▶ [Task brief]
Begin the copy at the line containing "peugeot 208 1.4 hdi 68 cv 3 porte access" in the data below and end it at the line containing "live sex cam", keeping each line exact and leaving out pictures.

Image-text web data:

———

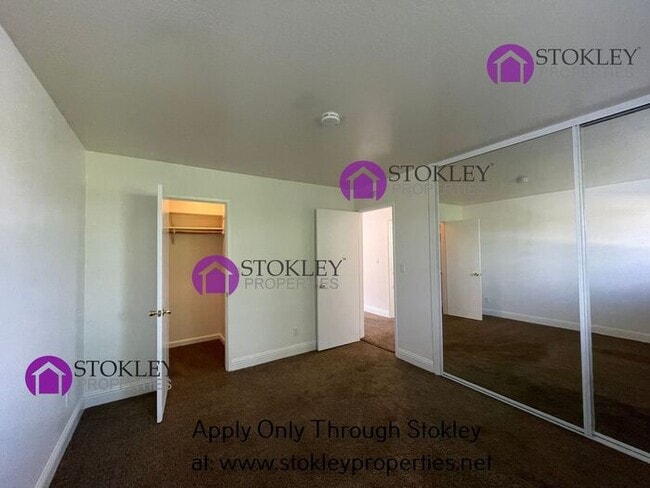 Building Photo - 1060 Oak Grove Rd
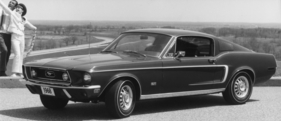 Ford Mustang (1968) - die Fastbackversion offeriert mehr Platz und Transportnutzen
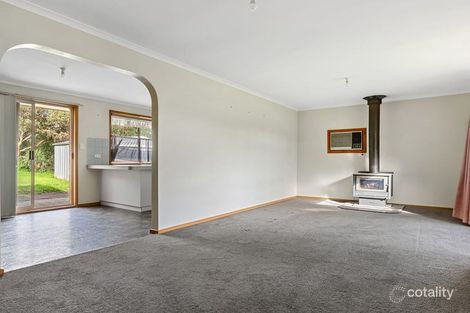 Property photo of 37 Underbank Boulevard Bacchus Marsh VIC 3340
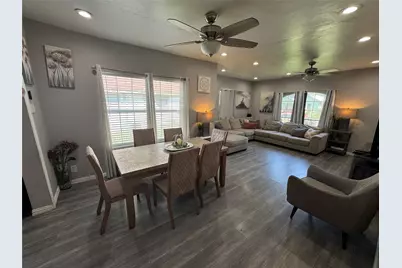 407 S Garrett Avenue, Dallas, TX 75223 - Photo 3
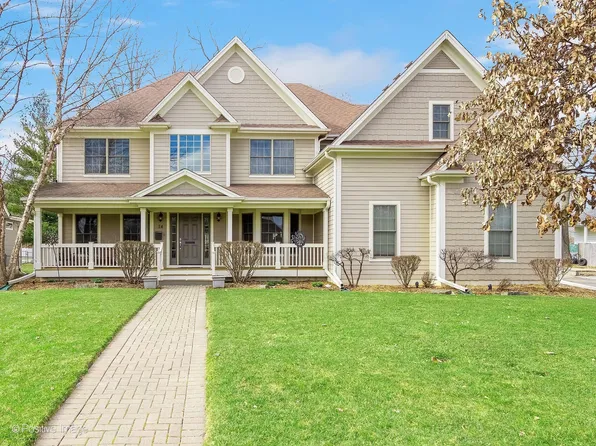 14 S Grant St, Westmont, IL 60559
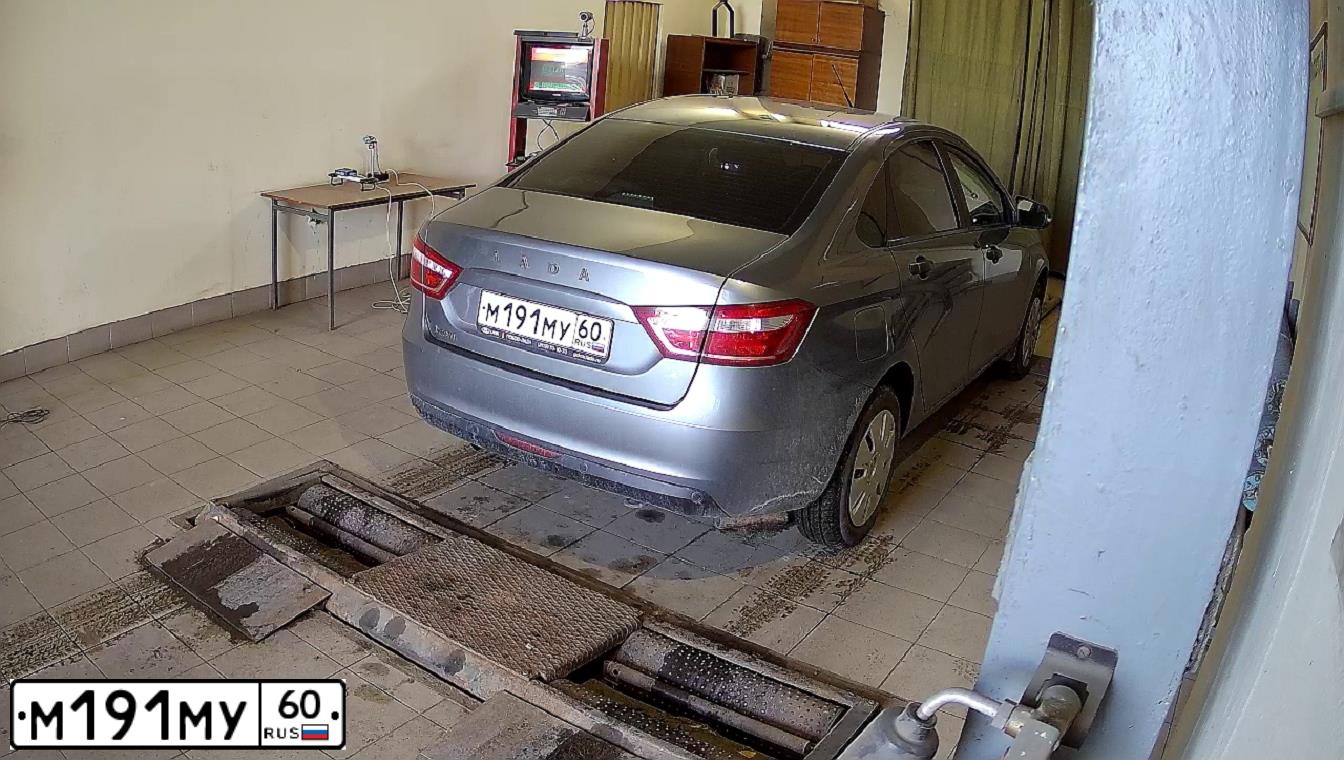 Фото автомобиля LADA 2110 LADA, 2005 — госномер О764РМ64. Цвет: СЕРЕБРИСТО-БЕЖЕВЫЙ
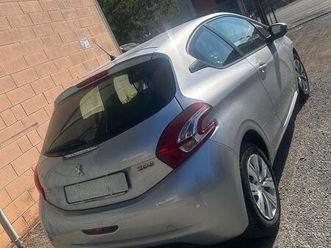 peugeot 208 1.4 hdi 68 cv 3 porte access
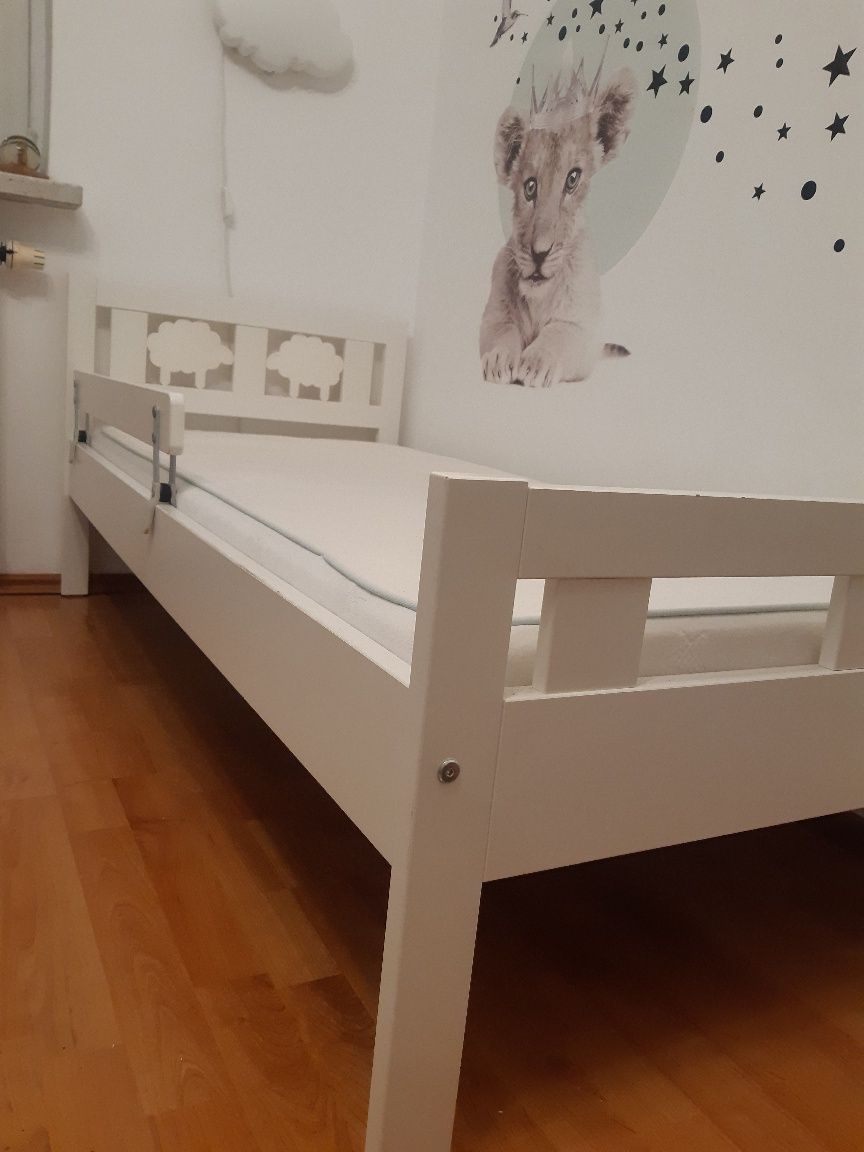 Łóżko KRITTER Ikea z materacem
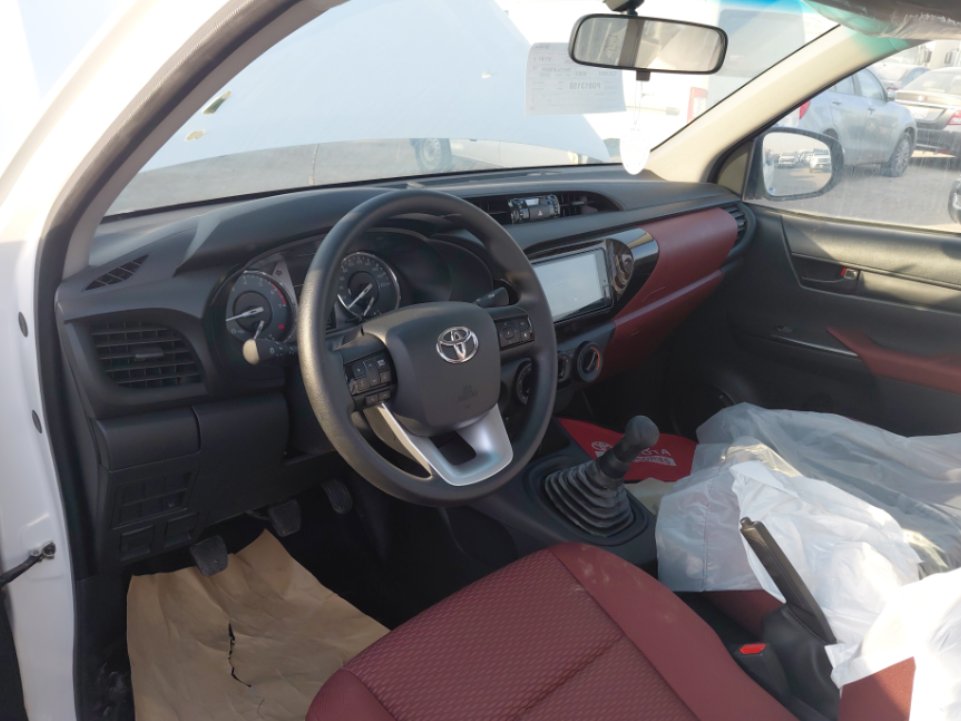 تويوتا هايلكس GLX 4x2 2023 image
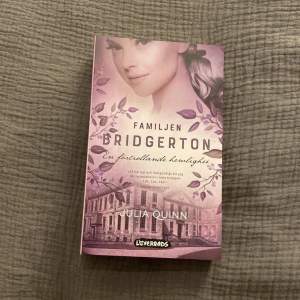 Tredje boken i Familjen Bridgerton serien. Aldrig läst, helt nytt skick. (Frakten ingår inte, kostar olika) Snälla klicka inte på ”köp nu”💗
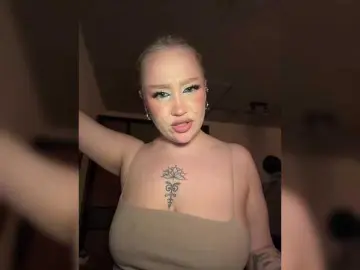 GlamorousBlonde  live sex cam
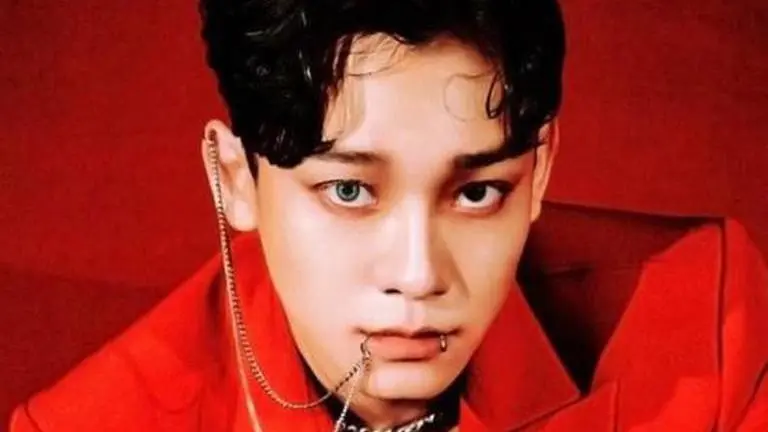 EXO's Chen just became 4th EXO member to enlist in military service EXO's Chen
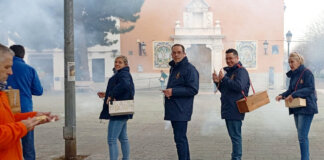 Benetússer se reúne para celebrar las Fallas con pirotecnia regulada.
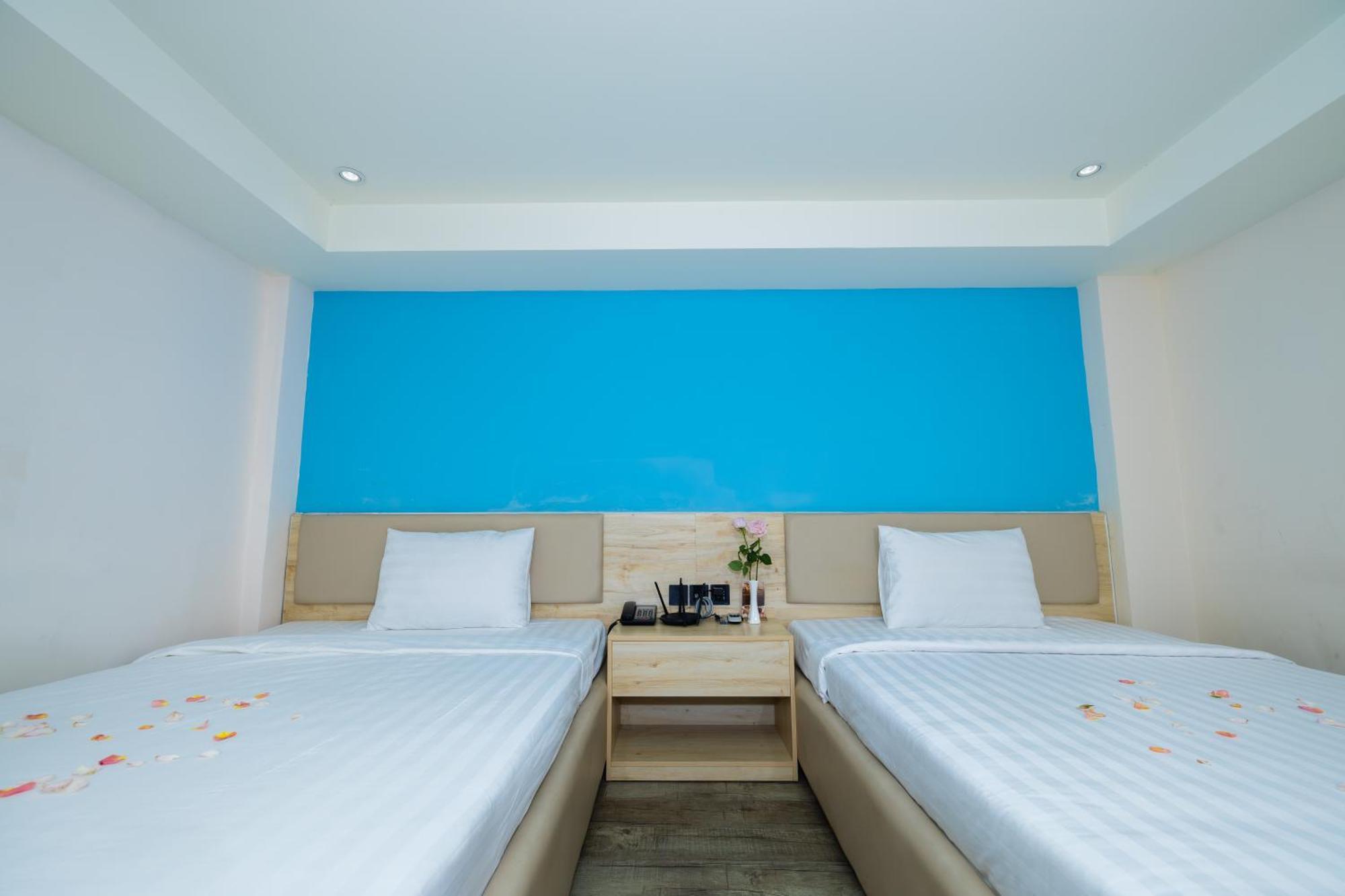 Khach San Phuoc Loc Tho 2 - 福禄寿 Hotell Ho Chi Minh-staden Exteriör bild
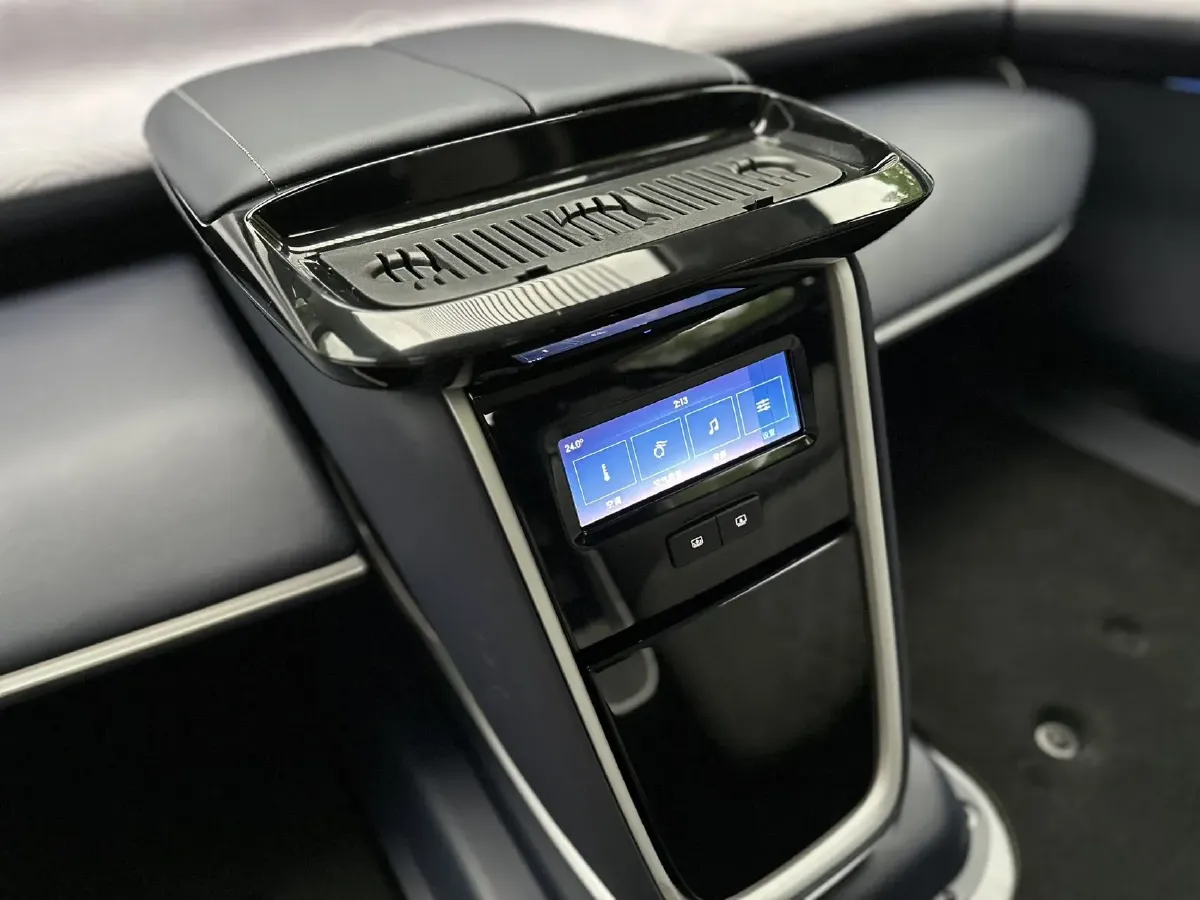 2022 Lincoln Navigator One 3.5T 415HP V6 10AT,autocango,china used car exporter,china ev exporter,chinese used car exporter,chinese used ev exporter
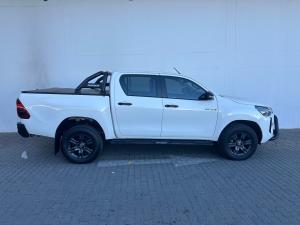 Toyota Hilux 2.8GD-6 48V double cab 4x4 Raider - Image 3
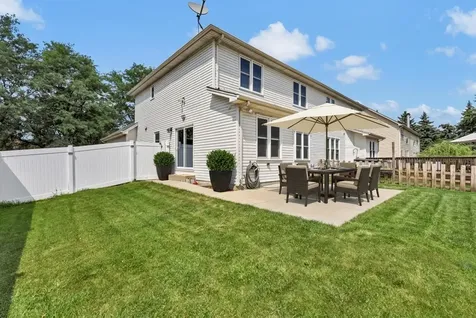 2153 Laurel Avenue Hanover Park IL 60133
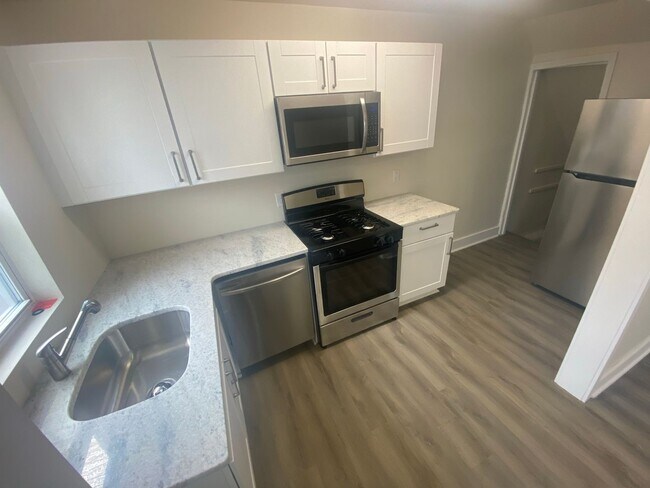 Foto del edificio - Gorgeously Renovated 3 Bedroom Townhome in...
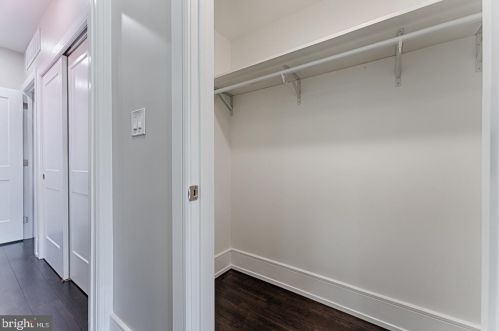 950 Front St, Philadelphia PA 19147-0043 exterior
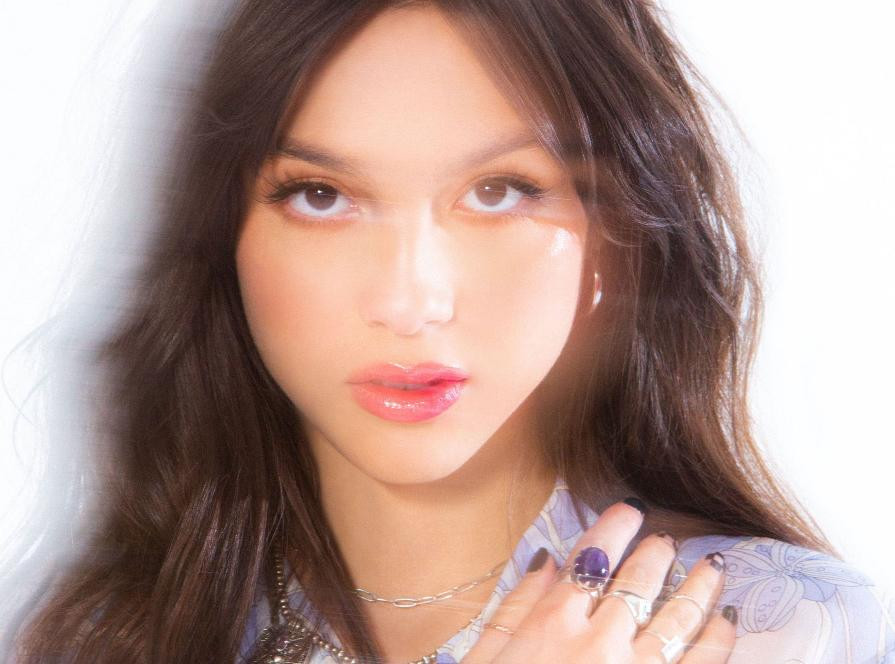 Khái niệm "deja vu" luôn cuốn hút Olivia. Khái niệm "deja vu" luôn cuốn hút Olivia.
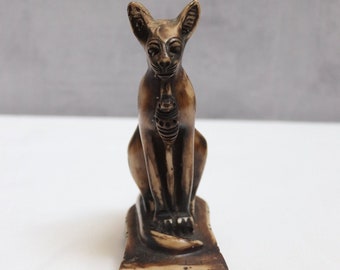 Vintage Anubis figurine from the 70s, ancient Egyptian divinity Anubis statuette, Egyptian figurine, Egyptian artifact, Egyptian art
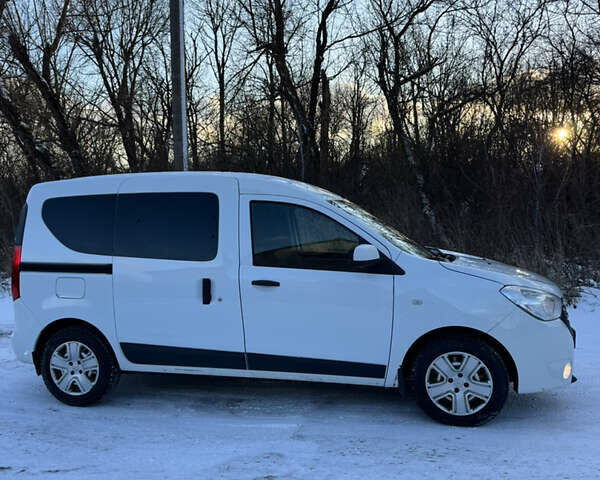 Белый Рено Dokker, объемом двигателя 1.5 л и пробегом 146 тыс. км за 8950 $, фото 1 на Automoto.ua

———

▶ [Answer below]
 peugeot 208 1.4 hdi 68 cv 3 porte access
 Łóżko KRITTER Ikea z materacem
 تويوتا هايلكس GLX 4x2 2023 image
 Tredje boken i Familjen Bridgerton serien. Aldrig läst, helt nytt skick. (Frakten ingår inte, kostar olika) Snälla klicka inte på ”köp nu”💗
 GlamorousBlonde  live sex cam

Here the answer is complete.